Corbyn a qualifié son appel aux députés travaillistes cette semaine de rejeter l’affirmation de May selon laquelle les seuls choix proposés étaient son accord négocié ou un Brexit dur, sans accord – ce dont elle a fait la base de son appel aux députés du Parti travailliste de lui soutenir et défier la discipline de vote de leur propre parti. Le ministre du Brexit, Dominic Raab, a averti qu’aucun amendement d’opposition ne serait autorisé dans le vote parlementaire « significatif » sur un accord du Brexit. Les députés devraient voter pour ou contre l’accord de May et donc pour un Brexit dur. Il n’y aura pas de deuxième référendum, a insisté May.

Le ministre des finances fantôme du Labour John McDonnell a lancé un appel direct aux grandes entreprises et l’UE déclarant qu’il était dans l’intérêt national et celui des puissances de l’UE d’œuvrer pour un gouvernement travailliste car : « Nous pensons que nous pouvons obtenir un accord [Brexit] assez rapidement » qui « transformerait l’ambiance, et ce serait sur une base de bénéfice et d’intérêt mutuels ».

L’incapacité de parvenir à un accord sur le Brexit est le résultat de la montée des antagonismes nationaux. Cela explique la ligne dure adoptée par l’UE sur la question de la frontière irlandaise après le Brexit et les dispositifs élaborés par l’Allemagne et la France pour faire face à la sortie désordonnée du Royaume-Uni de l’UE. Merkel a averti mercredi les députés allemands : « En tant qu’un gouvernement responsable et prévenant, il convient d’être en mesure de faire face à tous les scénarios – y compris la possibilité que la Grande-Bretagne quitte l’Union européenne sans accord. »

L’administration Trump s’en est mêlée directement dans le but d’exacerber les divisions au sein de l’UE. Hier, le représentant du commerce américain, Robert Lighthizer, a écrit au Congrès : « Nous avons l’intention d’entamer des négociations avec le Royaume-Uni dès qu’il sera prêt après la sortie de l’Union européenne le 29 mars 2019. »
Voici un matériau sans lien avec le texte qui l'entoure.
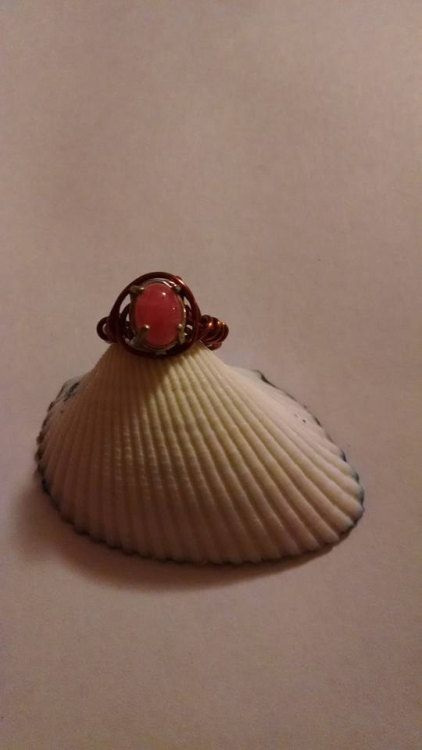 melissaiam14:Genuine Pink Rhodochrosite Wire Wrapped Pinky Gemstone Ring Silver and Copper Size 3 Bo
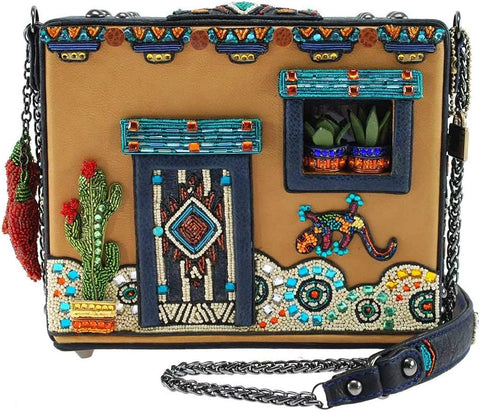 Mary Frances Adobe House Pueblo Multi Black Purse Beaded Bag Novelty Handbag NEW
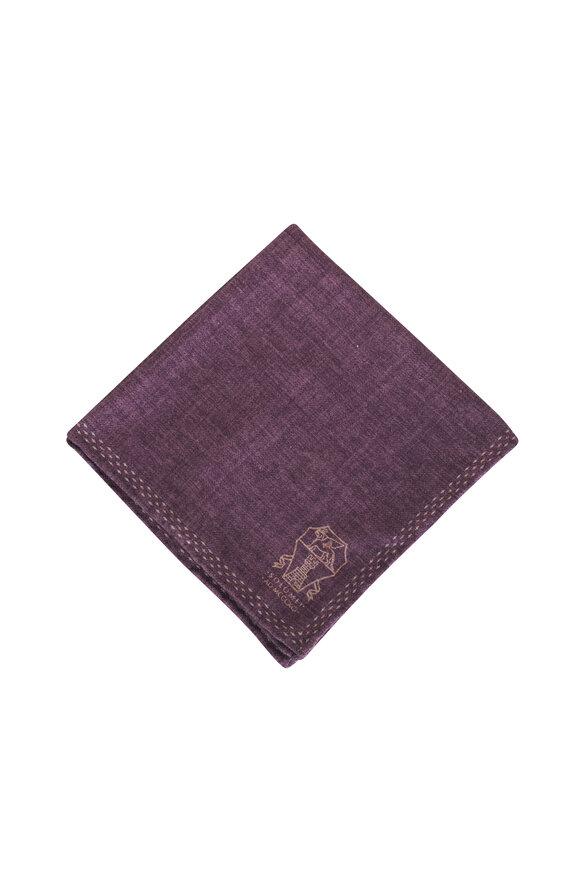 Brunello Cucinelli Purple Logo Print Silk Pocket Square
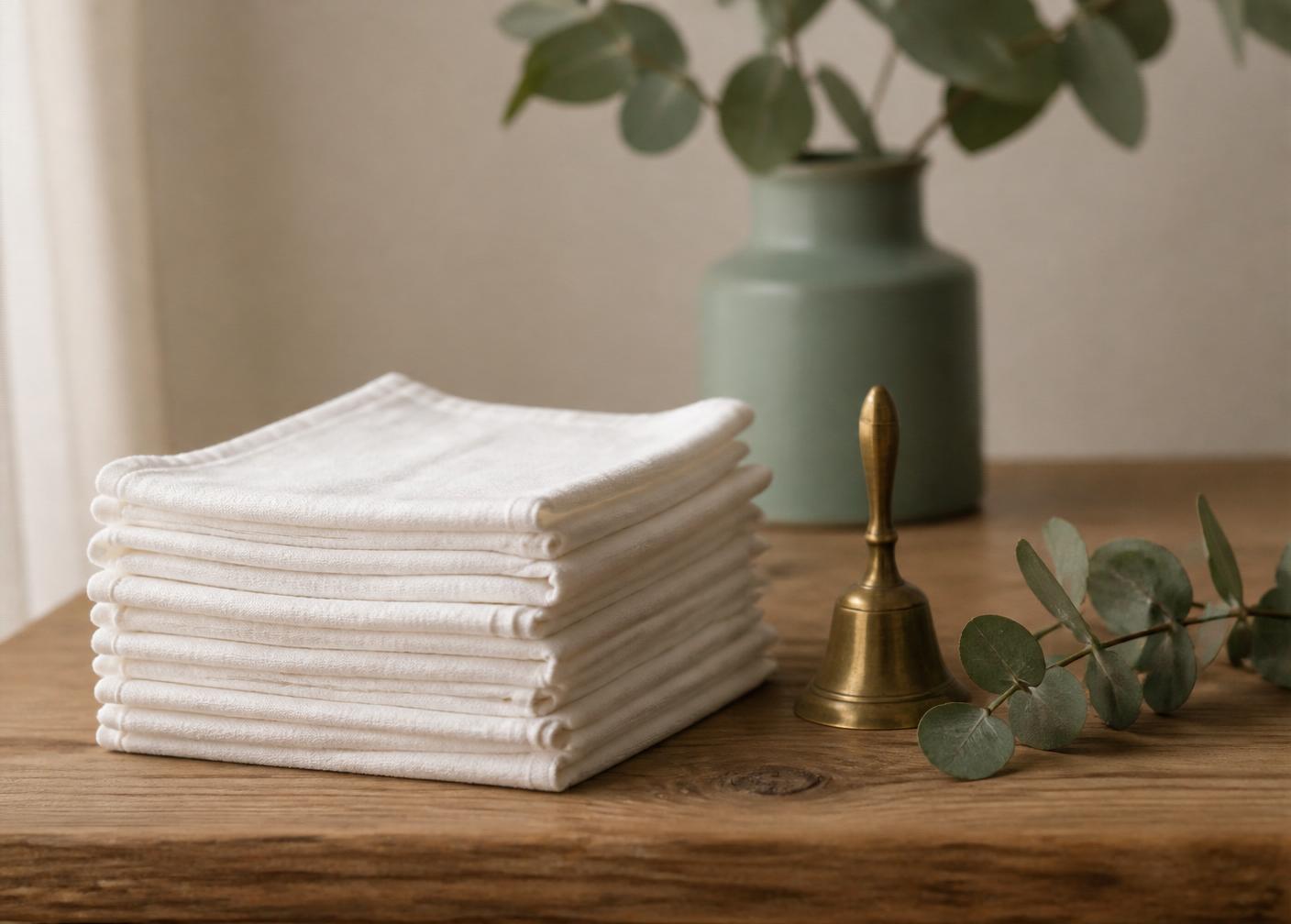 Folded cotton cloths, a brass hand bell and eucalyptus on an oak table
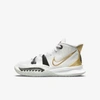 Nike Kyrie 7 Big Kids' Basketball Shoes In White/metallic Gold/black/grey Fog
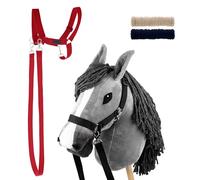 SKIPPI Hobby Horse Gris et Licol Rouge, Tête de Cheval à Chevaucher A3 et Hobby Horse Accessoire, 2 Licol, 2 Rênes, 2 Housses Amovibles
La classe ouvrière doit s’opposer aux deux camps de la classe dirigeante, celui de vouloir rester (Remain) autant que celui de vouloir quitter (Brexit) l’UE. Ni l’un ni l’autre ne propose aucune voie menant à autre chose qu’un avenir de tensions nationales grandissantes et de conflits commerciaux et militaires. Ils n’envisagent que de faire augmenter l’exploitation des travailleurs et une austérité accrue afin que les entreprises puissent être compétitives au niveau international. Les travailleurs et les jeunes doivent opposer leur propre stratégie aux plans de l’élite dirigeante, fondée sur l’unité transfrontalière des travailleurs à travers la perspective des États socialistes unis d’Europe.